An Interview with Paola De Luca at the Jewellery Industry Fair

Recently, at the Jewellery Industry Fair, Ashie Luke spoke to Paola De Luca, chief executive officer of The Futurist and founder and creative director of Trendvision Jewellery + Forecasting.

Written by Ashie Luke

Recently, at the Jewellery Industry Fair, Ashie Luke spoke to Paola De Luca, chief executive officer of The Futurist and founder and creative director of Trendvision Jewellery + Forecasting.

AL: Your international background has exposed you to a wide range of cultural influences. How has cultural diversity informed your creative process and your understanding of what resonates with different markets?
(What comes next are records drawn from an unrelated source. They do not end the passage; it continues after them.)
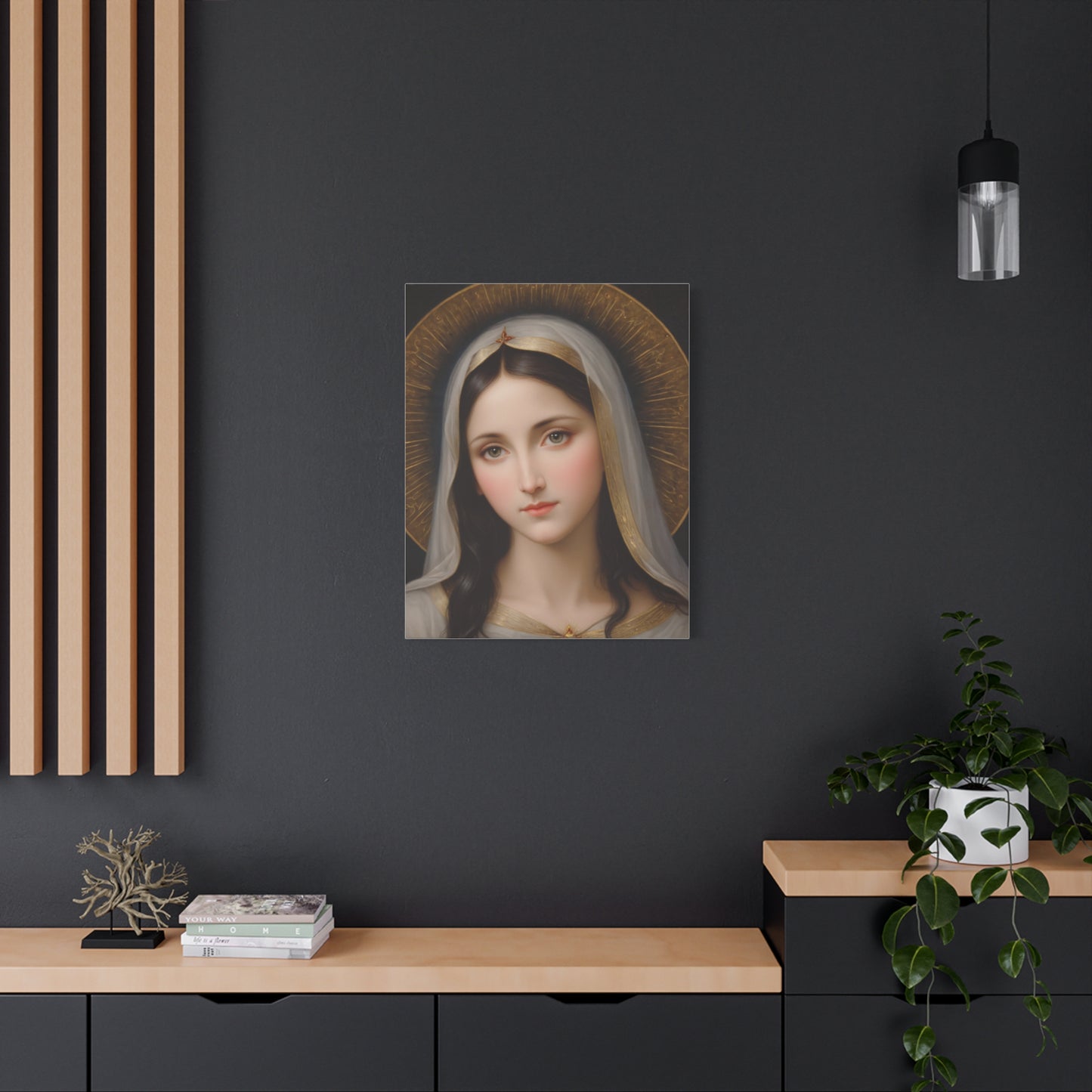Our Blessed Lady Holy Mary Catholic Canvas Wall Art, Christian Decor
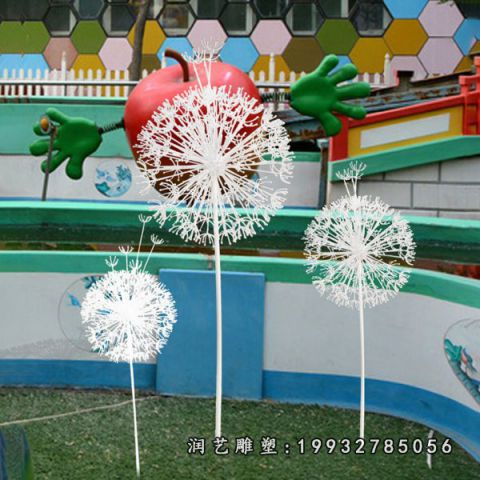 街道不锈钢蒲公英雕塑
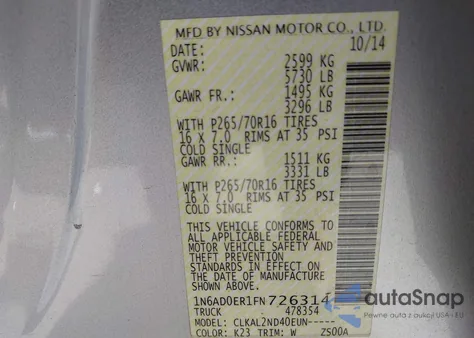 2015 Nissan Frontier S/Sv/Sl/Pro-4X from USA, damaged, VIN 1N6AD0ER1FN726314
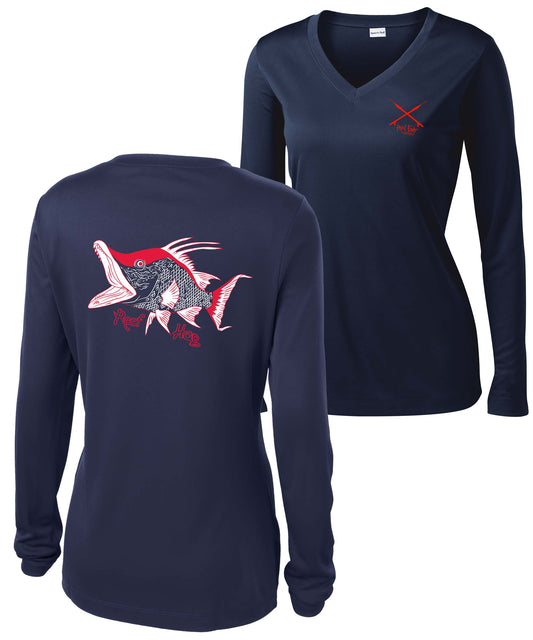 Women's Lionfish Performance V-neck Long Sleeve Shirts - Reel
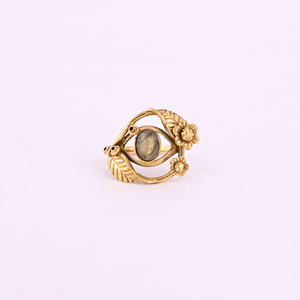<b>Tiger</b> <b>Eye</b> <b>Ring</b> with Floral Accents Gold-Plated Brass Trendy Wedding - Product Image 1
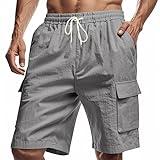 Dirxi Men Linen Summer Shorts Grey Solid Color Elastic Waist Drawstring Beach Pants Casual Fashion Loose Bermuda Shorts with Multiple Pockets Vintage Trend Sports Fitness Pants 3XL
PDL: Well, having an international perspective is a key factor of my career, perspective, vision, [and] values. I [also] have to say success, even though I don’t know what success really means. I would say it’s a privileged platform because when you see things from a cultural perspective—everything makes more sense. After all, things are interconnected. So when you see things from here rather than here, you see things more broadly, and it’s easier to connect phenomenon, culture, [and] values, and it opens your mind, and when you have your open mind, you’re [can] absorb diversity.

AL: Absolutely, I completely agree. How did your early experiences in goldsmithing, metalwork, fashion, and art and design in Rome shape your perspective on the global jewellery industry?
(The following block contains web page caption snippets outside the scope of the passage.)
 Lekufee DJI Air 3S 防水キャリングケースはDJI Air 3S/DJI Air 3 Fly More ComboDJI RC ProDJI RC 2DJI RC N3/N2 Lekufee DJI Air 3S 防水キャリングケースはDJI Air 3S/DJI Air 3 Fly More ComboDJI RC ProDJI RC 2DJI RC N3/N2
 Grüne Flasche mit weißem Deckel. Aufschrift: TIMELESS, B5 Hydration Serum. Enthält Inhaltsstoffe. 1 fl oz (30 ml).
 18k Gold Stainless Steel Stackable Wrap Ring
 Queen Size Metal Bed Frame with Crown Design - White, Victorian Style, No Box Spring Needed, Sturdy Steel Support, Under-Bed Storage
PDL: [It] started as my love when I was younger… the arts. I was into art and fashion, and I won a scholarship. I started goldsmithing and doing some design, and I was very good at it, but [I] was so hungry for the world since then. I [must] admit I started quickly because I could design and make what I had in mind. That gave me the fast entry to the industry, but my nature was not to be a benchmaker. My nature was to sell cultures and world and travel, and bridging the world of, let’s call it fashion, but more than fashion, it’s like style and cultures and jewellery. So my strength was looking at people, developing styles, and [making] it happen. 

PDL: Pretty quickly I went from making jewellery [to] designing jewellery [to] art directing, and then I had designers working for me because, in my 20s, I started selling jewellery collections rather than a piece of jewellery. At that time, I was in New York. Rome, for me, was a small city because I was hungry very quickly. So in [the] early 90s, I was in New York and I quickly had the opportunity to [work] at Fendi… I didn’t think it was easy for me because I was there at 22 years old. I was very privileged. I went from nothing to top fashion in the world—Karl Lagerfeld, Carla Fendi, and I was in Manhattan, I just lived my dream, but it wasn’t a dream for me. It felt very natural. I have to tell you, it didn’t feel weird! It felt like that was it. 

AL: You were meant to be there. 

PDL: I was! And to me, what I loved was going from the underground culture. I was into the night scene. I was into [the] street styles. To me, it was just very natural. And that was it.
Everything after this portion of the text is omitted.